More users are coming online in areas like Asia and Africa. In fact, there are one billion users in the two continents who are predicted to move towards smartphones over the next ten years. So with the expected demographic shifts in emerging market economies, shouldn’t we be trying to understand their goals and needs?
How emerging markets are developing
“Users aren’t mobile-first; they are mobile-only.” — Niaz Ahmed
Many users rely on one phone, or even a shared phone, as their sole means of connecting to the internet. Other users may have two phones: one low-end and one high-end, and they need to share data easily between their devices. Shared phones require new privacy solutions, and for product developers, this poses an interesting challenge.
Audio and visual input is preferred
People that are new to smartphones and other technologies aren’t accustomed to gestures like zooming on a touch screen. Product developers can provide onboarding training that helps with this, but it is essential to offer support that works best for the user.
Users in emerging markets also prefer audio or visual input for several reasons. Literacy levels are lower than other parts of the world, and keyboards in non-English regions are lacking.
By building visual interfaces, we can drive more user conversion in emerging markets than with textual cues. As we see YouTube rise to number one in countries like India, we can play to that shift, developing video tools for teaching gestures like tapping the screen to engage with our products.
Smartphones can be as cheap as $50, making them more accessible to people in emerging market economies. However, it often means users have low storage availability. To solve storage issues, users often delete apps, so based on this, we know a small app size is essential.
“We position our app by saying, if you delete two selfies, you can install our app.” -Niaz Ahmed
Since users don’t often know what seven megabytes are, Niaz Ahmed reframes the size of his app in an understandable way by equating it to two selfies. This helps keep users active and prevents them from tossing other apps.
Another localization challenge is AI’s ability to understand linguistic differences. In India, people speak multiple languages, and often communicate using a combination of English and Hindi. However, chatbots have difficulty adapting when users code switch or combine languages.
Indonesian startup Wahyoo’s impressive example
Jakarta-based startup Wahyoo succeeds with building for emerging markets in many ways.

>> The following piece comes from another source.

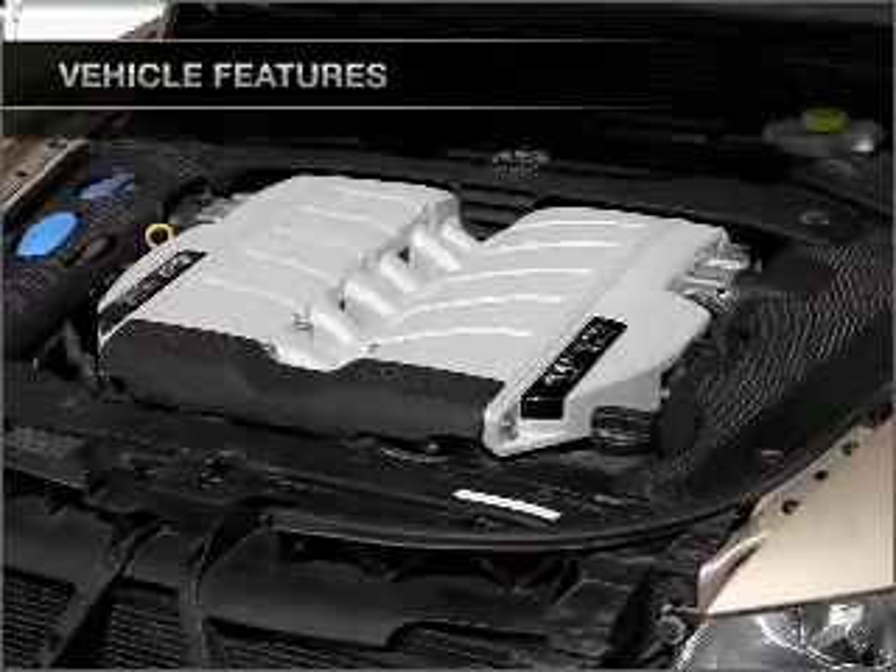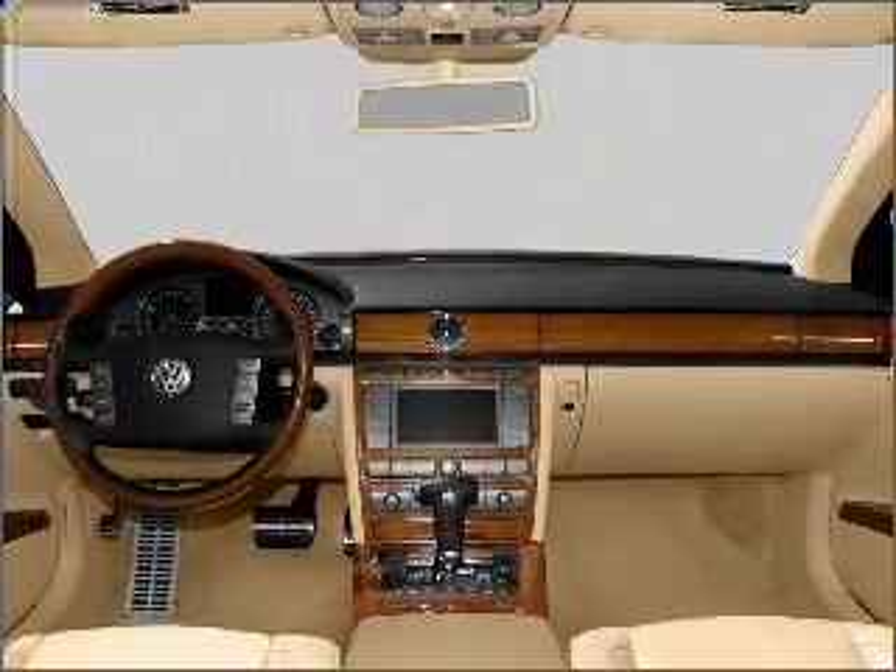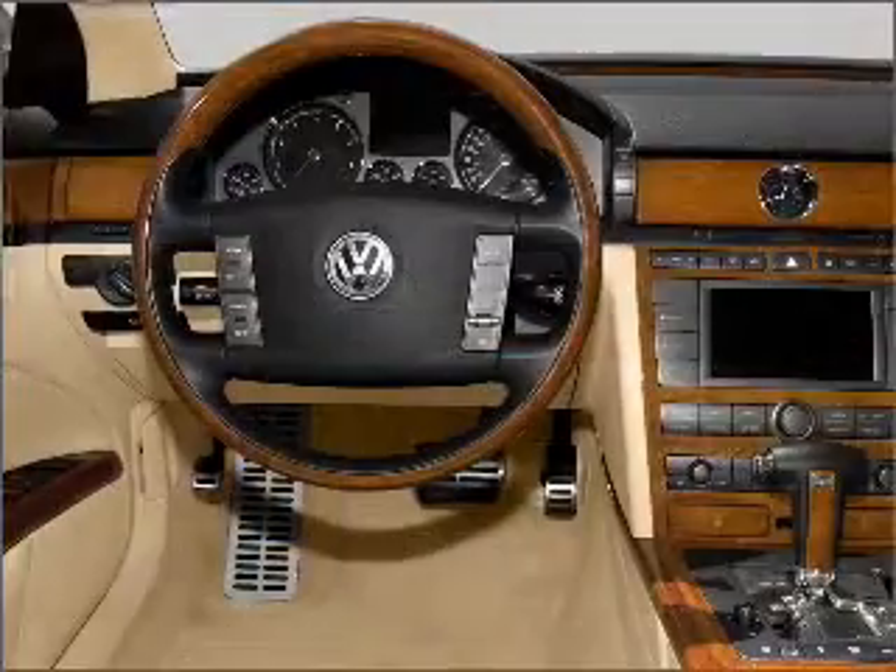Air conditioning, power door locks, power windows, power steering, cruise control, power mirrors, an alarm system, an AM-FM stereo with a CD player.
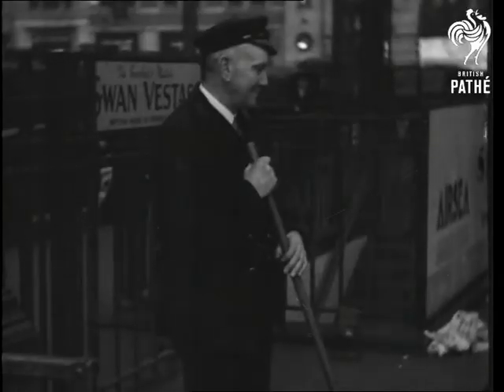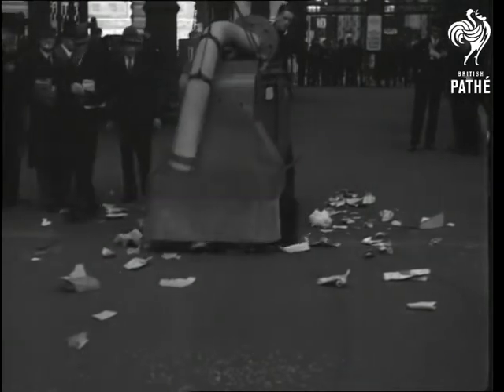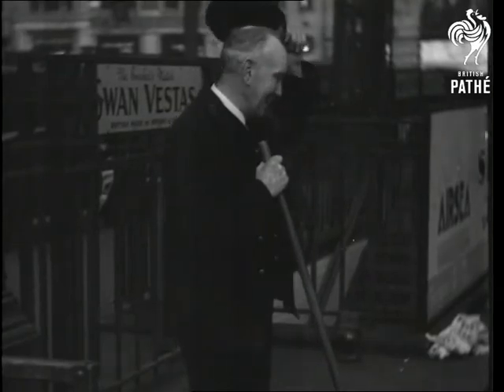The new machine has a tremendous appetite for litter. And as it advances, the movement reminds one of an elephant snooping around for buns. If that don't take the blinking biscuit.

It’s a food delivery service like Deliveroo or Uber Eats, with the goal of increasing users, building restaurant clientele, and optimizing supply chains.
However, Wahyoo’s success causes supply chain issues, as restaurants aren’t used to serving larger crowds. They fix this problem by using their delivery network to bring produce to restaurants and fill their supply gaps.
Wayhoo helps with digitization as well, offering online payments so restaurants receive money faster.
This startup is proving that now is a great time to conduct emerging market research to reveal exciting new product development opportunities.